What to produce:
Please restate the data below word for word, omitting all images.

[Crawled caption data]
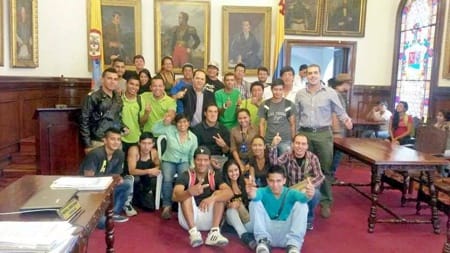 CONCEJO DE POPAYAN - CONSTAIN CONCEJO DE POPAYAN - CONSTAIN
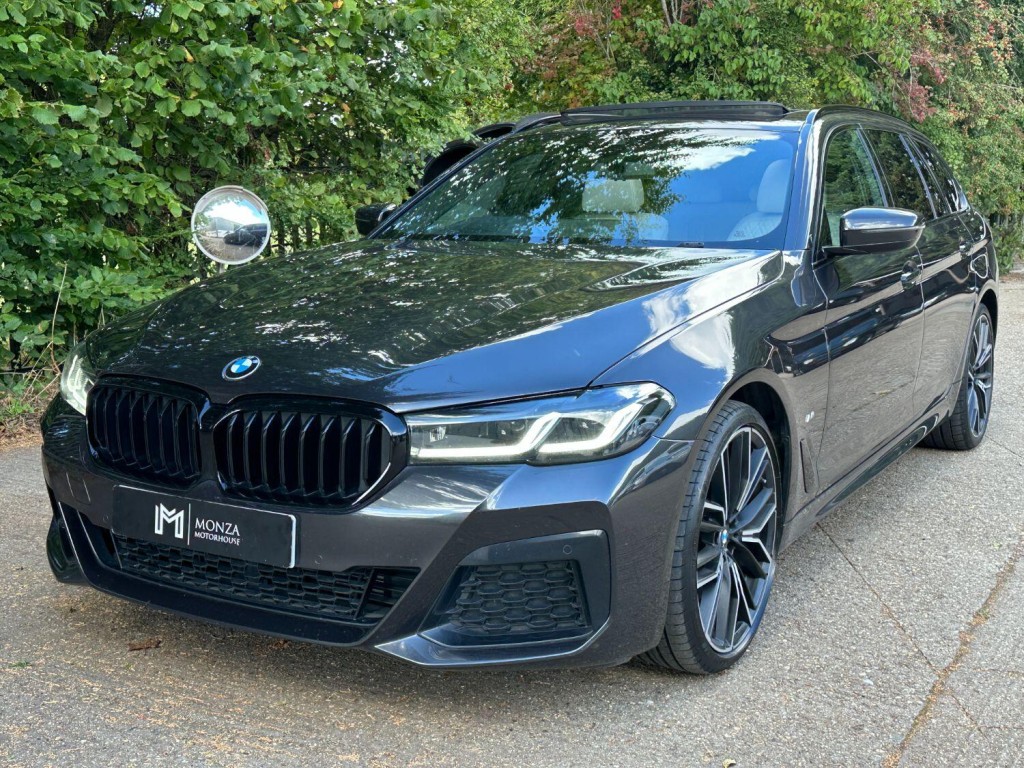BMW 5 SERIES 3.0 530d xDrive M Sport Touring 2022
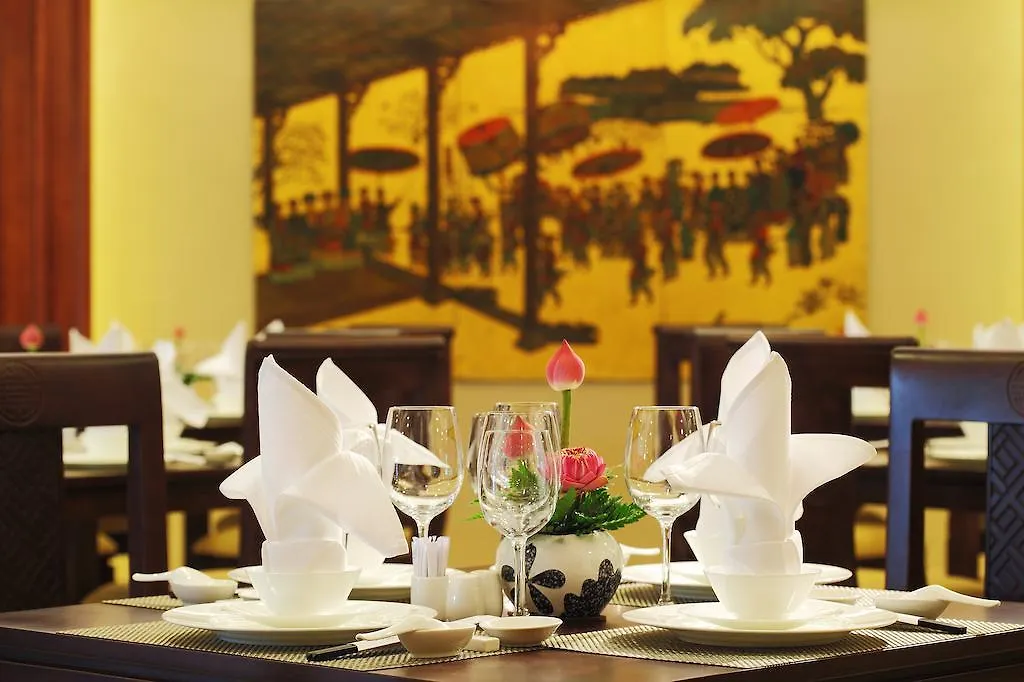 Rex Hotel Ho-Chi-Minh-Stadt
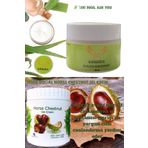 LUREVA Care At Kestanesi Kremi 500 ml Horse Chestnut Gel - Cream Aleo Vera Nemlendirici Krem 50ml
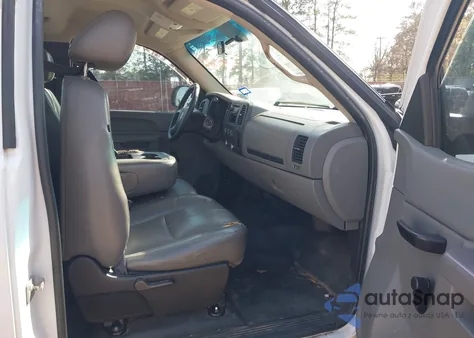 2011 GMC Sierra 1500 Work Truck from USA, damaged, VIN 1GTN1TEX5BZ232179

Final answer:
 CONCEJO DE POPAYAN - CONSTAIN CONCEJO DE POPAYAN - CONSTAIN
BMW 5 SERIES 3.0 530d xDrive M Sport Touring 2022
 Rex Hotel Ho-Chi-Minh-Stadt
 LUREVA Care At Kestanesi Kremi 500 ml Horse Chestnut Gel - Cream Aleo Vera Nemlendirici Krem 50ml
 2011 GMC Sierra 1500 Work Truck from USA, damaged, VIN 1GTN1TEX5BZ232179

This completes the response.